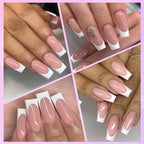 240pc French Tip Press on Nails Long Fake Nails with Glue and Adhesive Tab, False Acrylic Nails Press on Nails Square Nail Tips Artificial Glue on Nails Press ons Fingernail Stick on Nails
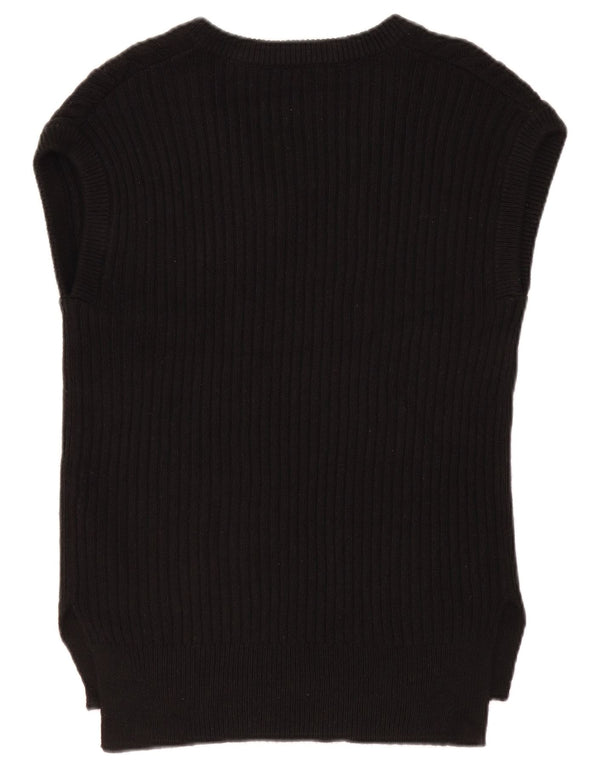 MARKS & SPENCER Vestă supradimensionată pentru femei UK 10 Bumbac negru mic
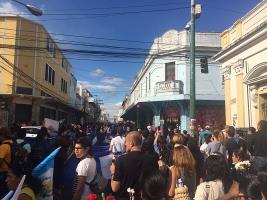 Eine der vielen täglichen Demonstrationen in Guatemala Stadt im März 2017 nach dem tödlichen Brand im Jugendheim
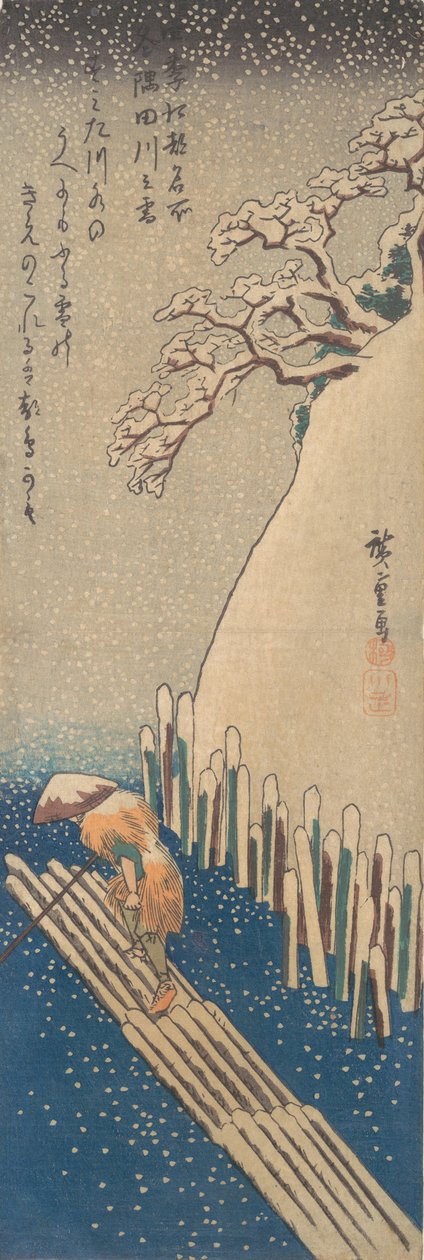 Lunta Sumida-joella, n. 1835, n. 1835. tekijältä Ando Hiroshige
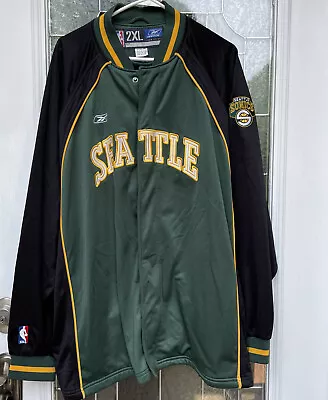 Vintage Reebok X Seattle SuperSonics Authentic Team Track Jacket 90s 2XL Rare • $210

--

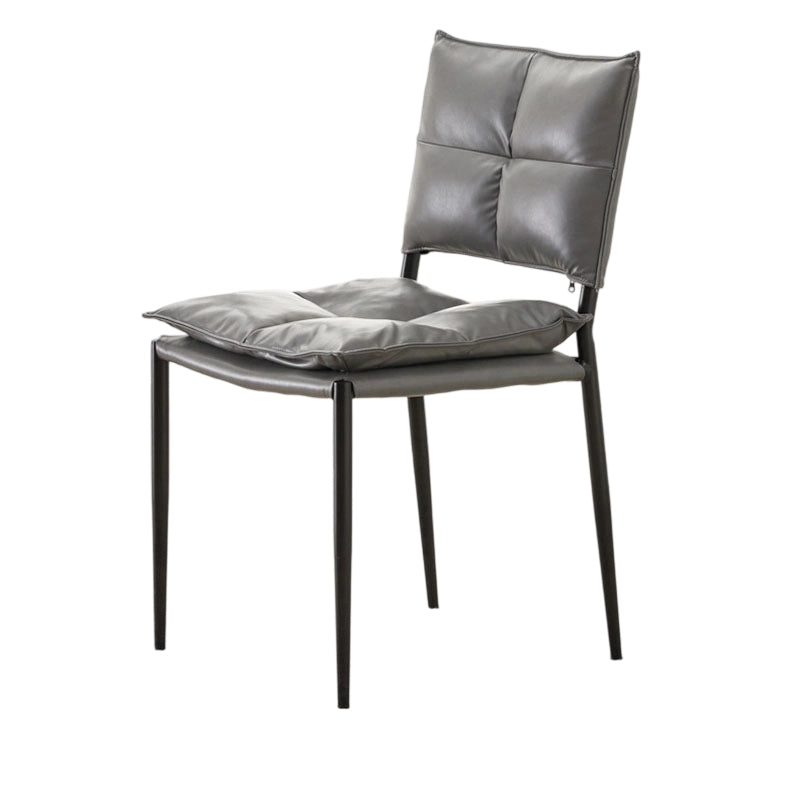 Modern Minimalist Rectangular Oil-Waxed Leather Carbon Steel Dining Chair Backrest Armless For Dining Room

About this exercise => From the material above, output only the span of lines that starts at the one containing "240pc French Tip" and finishes at the one containing "Vintage Reebok X", word for word and free of pictures.

Output for this task =>
 240pc French Tip Press on Nails Long Fake Nails with Glue and Adhesive Tab, False Acrylic Nails Press on Nails Square Nail Tips Artificial Glue on Nails Press ons Fingernail Stick on Nails
 MARKS & SPENCER Vestă supradimensionată pentru femei UK 10 Bumbac negru mic
 Eine der vielen täglichen Demonstrationen in Guatemala Stadt im März 2017 nach dem tödlichen Brand im Jugendheim
 Lunta Sumida-joella, n. 1835, n. 1835. tekijältä Ando Hiroshige
 Vintage Reebok X Seattle SuperSonics Authentic Team Track Jacket 90s 2XL Rare • $210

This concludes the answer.